▶ [Records for this exercise]:
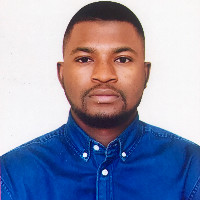 Jolivet Muriath MOUNOUKOU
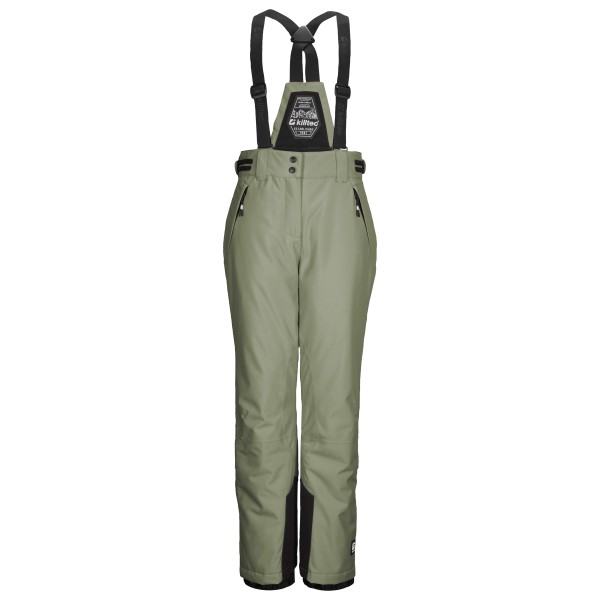 killtec - Girl's KSW 213 Ski Pants - Pantalon de ski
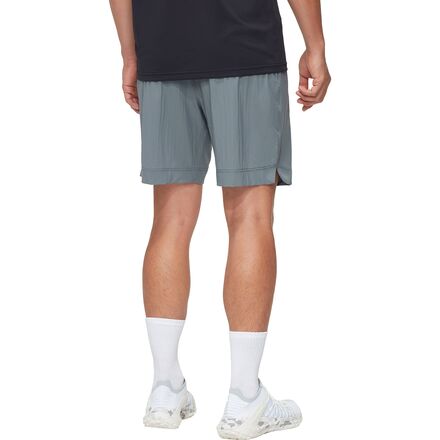 Mammut - Massone Sport Short - Men's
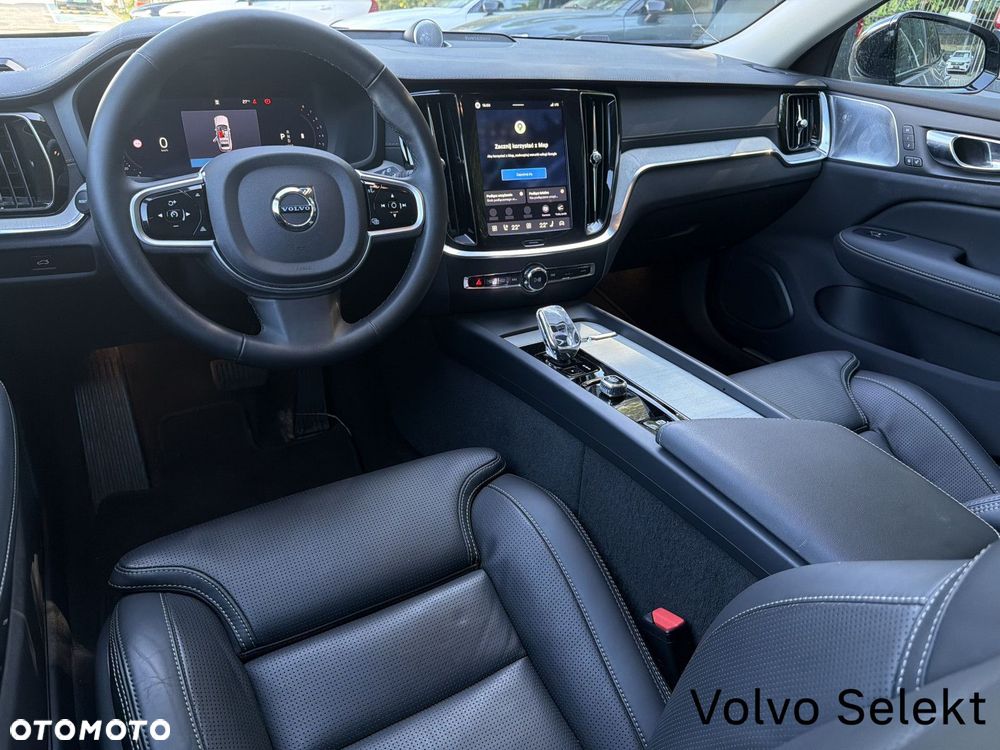Volvo V60 - 22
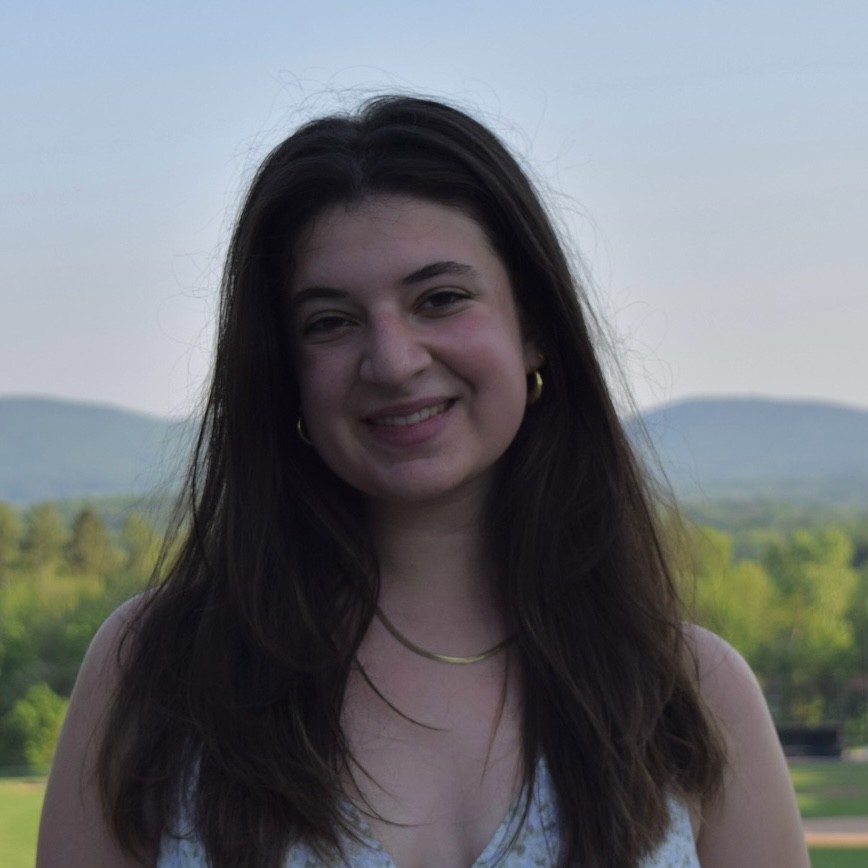 Hannah Goldberg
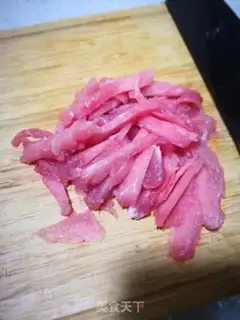 Make Spam step 0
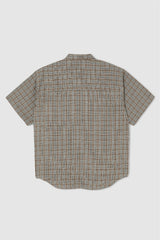 Selectshop FRAME - POLAR SKATE CO. Mitchell Flannel Shirt Shirts Dubai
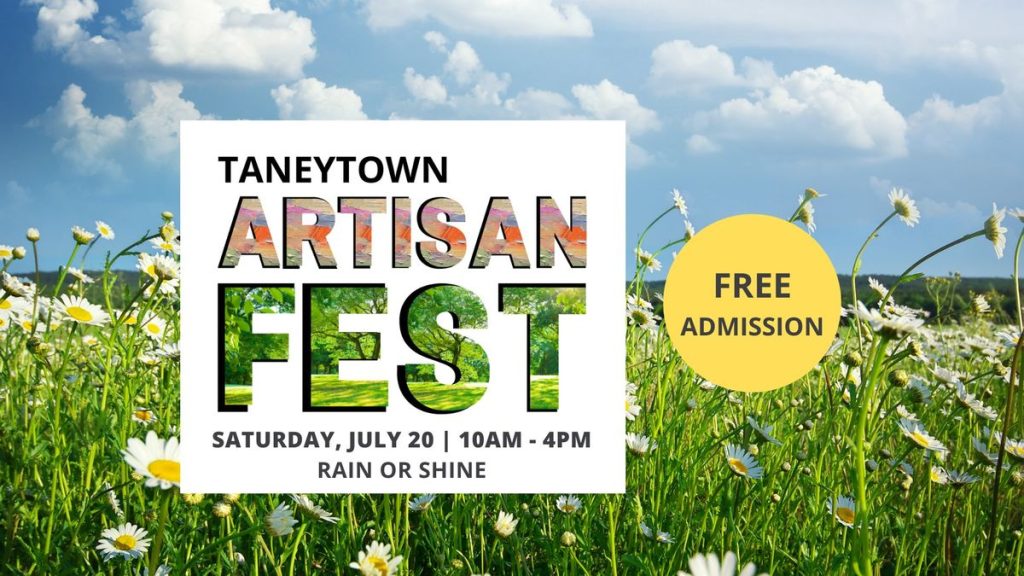 Taneytown Artisan Fest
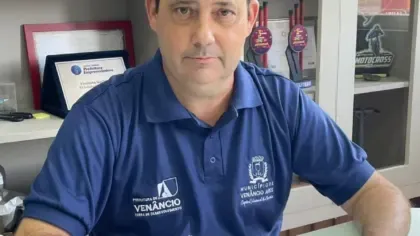 Venâncio Aires: Prefeito assina repasse extra de R$ 1,1 milhão para o Hospital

▶ [Task goal]: Copy each record exactly. Leave any images out of the copy.

▶ [Completed exercise]:
 Jolivet Muriath MOUNOUKOU
 killtec - Girl's KSW 213 Ski Pants - Pantalon de ski
 Mammut - Massone Sport Short - Men's
Volvo V60 - 22
 Hannah Goldberg
 Make Spam step 0
 Selectshop FRAME - POLAR SKATE CO. Mitchell Flannel Shirt Shirts Dubai
 Taneytown Artisan Fest
 Venâncio Aires: Prefeito assina repasse extra de R$ 1,1 milhão para o Hospital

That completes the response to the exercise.